Sentenza n. 70/2023 – giudizio di legittimità costituzionale in via principale
Deposito del 14/04/2023 – Pubblicazione in G.U. 19/04/2023 n. 16
Motivo della segnalazione
Con la sentenza n. 70/2023 la Corte costituzionale ha parzialmente accolto il ricorso con cui la Regione Veneto ha impugnato l’art. 1, commi 269, 534, 535, 536, 537 e 721, lettera a), della legge n. 234/2021 (Bilancio di previsione dello Stato per l’anno finanziario 2022 e bilancio pluriennale per il triennio 2022-2024).
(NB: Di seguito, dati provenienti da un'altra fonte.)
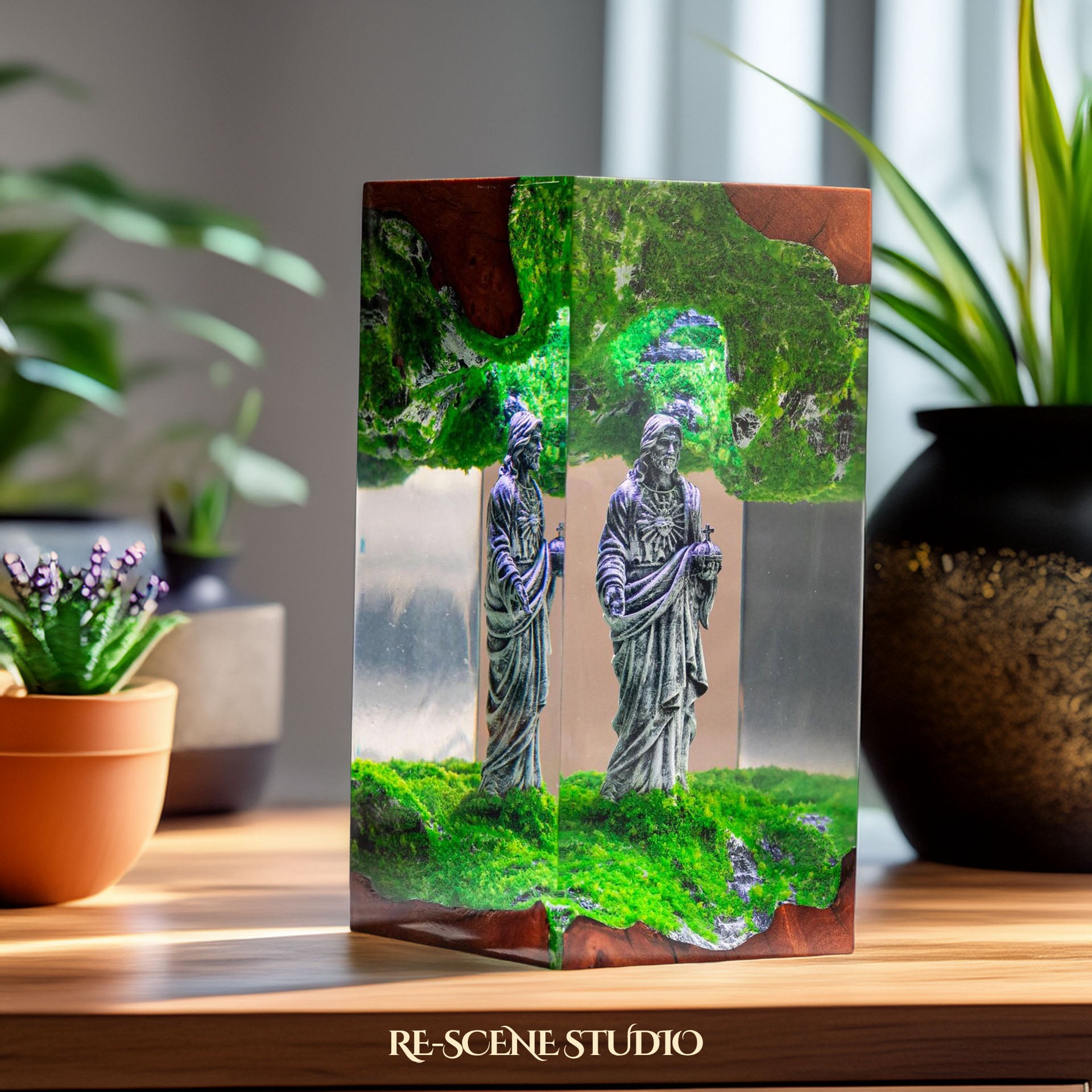 Jesus Resin Epoxy Lamp Multicolor / Size M: 7 x 13 x 7 (cm) – Handmade Epoxy Resin Lamp by Rescene Studio | Rescene Studio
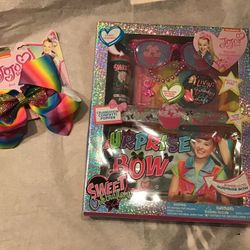 Jojo Siwa Deluxe Celebration Kit & Rainbow Hair Bow -NEW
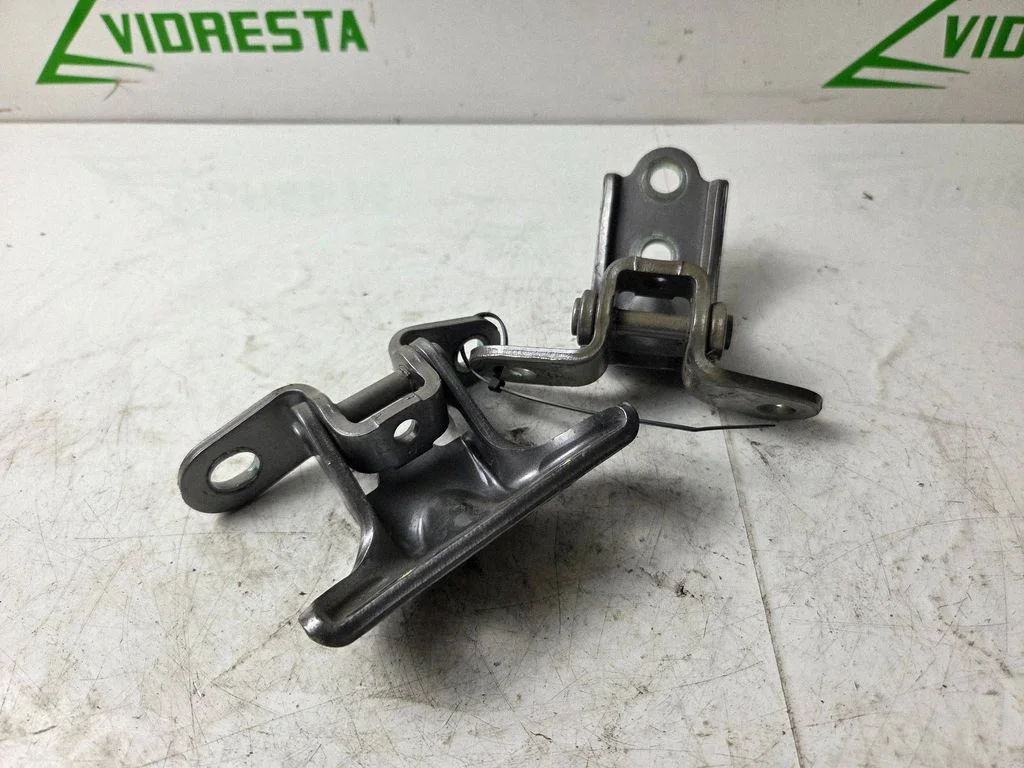 Rear door hinge set – rear right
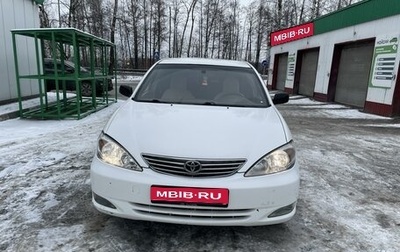 Toyota Camry V40, 2003 год, 690 000 рублей, 1 фотография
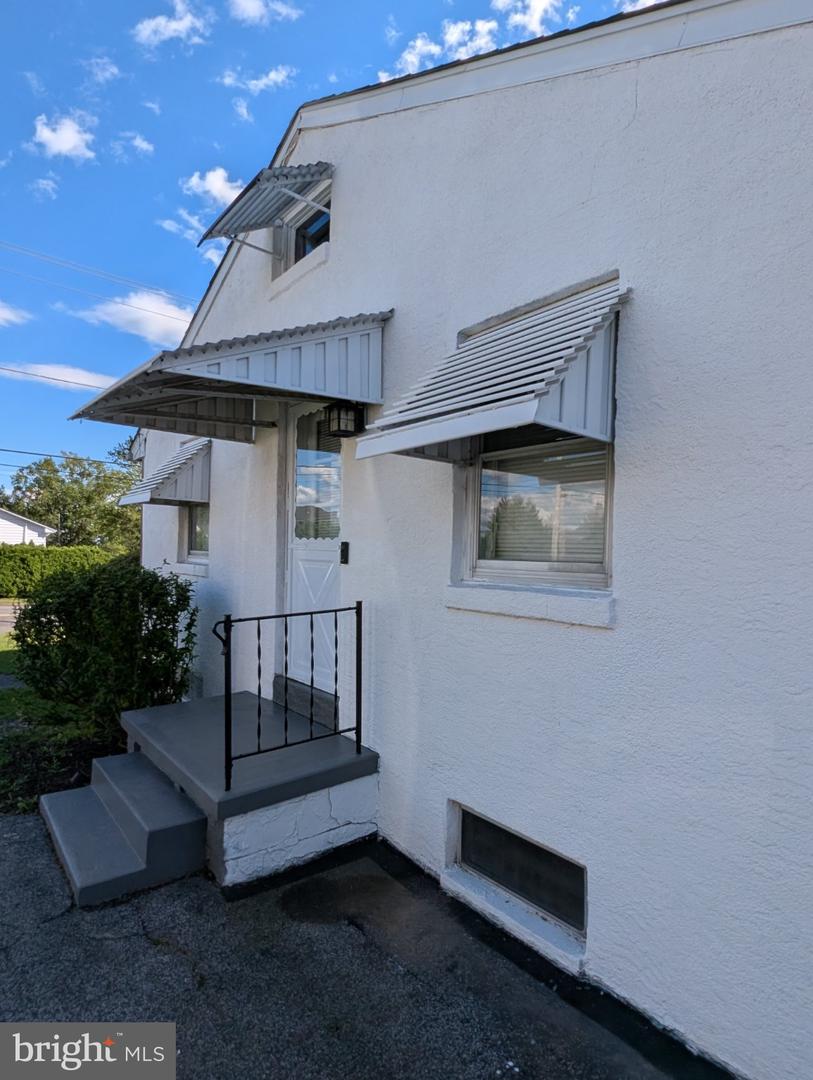 1051 Hanover Street St Property Photo 17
In questa sede ci si limiterà a prendere in considerazione le questioni – accolte – aventi ad oggetto il comma 537 dell’art. 1 della legge n. 234/2021, con cui a un decreto del Ministero dell’interno – adottato di concerto col Ministro dell’economia e delle finanze, senza alcun coinvolgimento delle regioni – è stato affidato il compito di determinare l’ammontare del contributo per la rigenerazione urbana spettante a ciascun comune. La regione ricorrente ha lamentato l’invasione della competenza legislativa concorrente in materia di governo del territorio (art. 117, terzo comma, Cost.), la lesione delle proprie competenze amministrative (art. 118, primo comma, Cost.), la violazione del principio di leale collaborazione (art. 120 Cost.) e l’improprio utilizzo di risorse aggiuntive stanziate dallo Stato per garantire ordinarie competenze comunali (art. 119, quinto comma, Cost.).
La Corte ha preso le mosse dall’identificazione dell’ambito materiale a cui ricondurre la disposizione impugnata. Gli interventi di riqualificazione e rigenerazione urbana sono riconducibili alla materia di legislazione concorrente “governo del territorio”. Quanto alle competenze amministrative, la funzione di pianificazione comunale rientra tra le funzioni amministrative intimamente connesse al riconoscimento del principio dell’autonomia comunale (sentenza n. 179/2019); non si tratta però di una riserva intangibile di funzioni, tanto che il legislatore competente ben può modulare gli spazi di autonomia comunale a fronte di esigenze generali. In questo ambito, d’altra parte, il legislatore regionale non può mai spingersi fino a vanificare l’autonomia dei comuni (sentenze nn. 202/2021 e 179/2019). Se si versa nella materia “governo del territorio”, l’intervento del legislatore statale può essere rivolto a stabilire principi fondamentali oppure scaturire dalla chiamata in sussidiarietà; in quest’ultimo caso, è necessario che vengano garantite idonee procedure collaborative.
La disposizione impugnata non ha carattere di principio fondamentale e, diversamente da quanto affermato dalla difesa erariale, non configura una tipologia di finanziamento riconducibile al quinto comma dell’art. 119 Cost.: si tratta “piuttosto [di] un tipico caso di chiamata in sussidiarietà” (Cons. in dir., par. 4.3). Con le risorse assegnate si dà attuazione al programma di rigenerazione urbane avviato dal legislatore statale con l’art. 1, commi 42 e 43, della legge n. 160/2019 e successivamente recepito tra le linee di investimento finanziate col Piano nazionale di ripresa e resilienza (PNRR). Gli interventi di rigenerazione urbana mirano a ridurre i divari di cittadinanza e i divari generazionali, con la conseguente necessità di una gestione unitaria. In seguito, un d.P.C.m., adottato previa intesa in Conferenza Stato-città e autonomie locali, ha individuato i criteri e le modalità di ammissibilità delle istanze e di assegnazione dei contributi, incluse le modalità di monitoraggio.
Tenuto conto di queste coordinate di riferimento, la Corte ha ritenuto fondata la questione di legittimità costituzionale del comma 537. Gli interventi statali di attrazione in sussidiarietà devono avere luogo nel rispetto della leale collaborazione, con la previsione di momenti partecipativi per gli enti territoriali. In questo caso lo Stato ha attratto le competenze amministrative di dettaglio, unitamente alle corrispondenti competenze legislative regionali in materia di governo del territorio; così facendo, ha recepito i contenuti di un d.P.C.m. precedente, adottato previa intesa in sede di Conferenza Stato-città e autonomie locali, senza alcun coinvolgimento delle regioni. Queste ultime, perciò, non sono state coinvolte a monte dell’adozione del d.P.C.m., né a valle della sua attuazione. Ne consegue l’illegittimità costituzionale della disposizione impugnata “nella parte in cui non prevede che il decreto interministeriale di riparto delle risorse sia adottato previa intesa in sede di Conferenza unificata” (Cons. in dir., par. 4.4).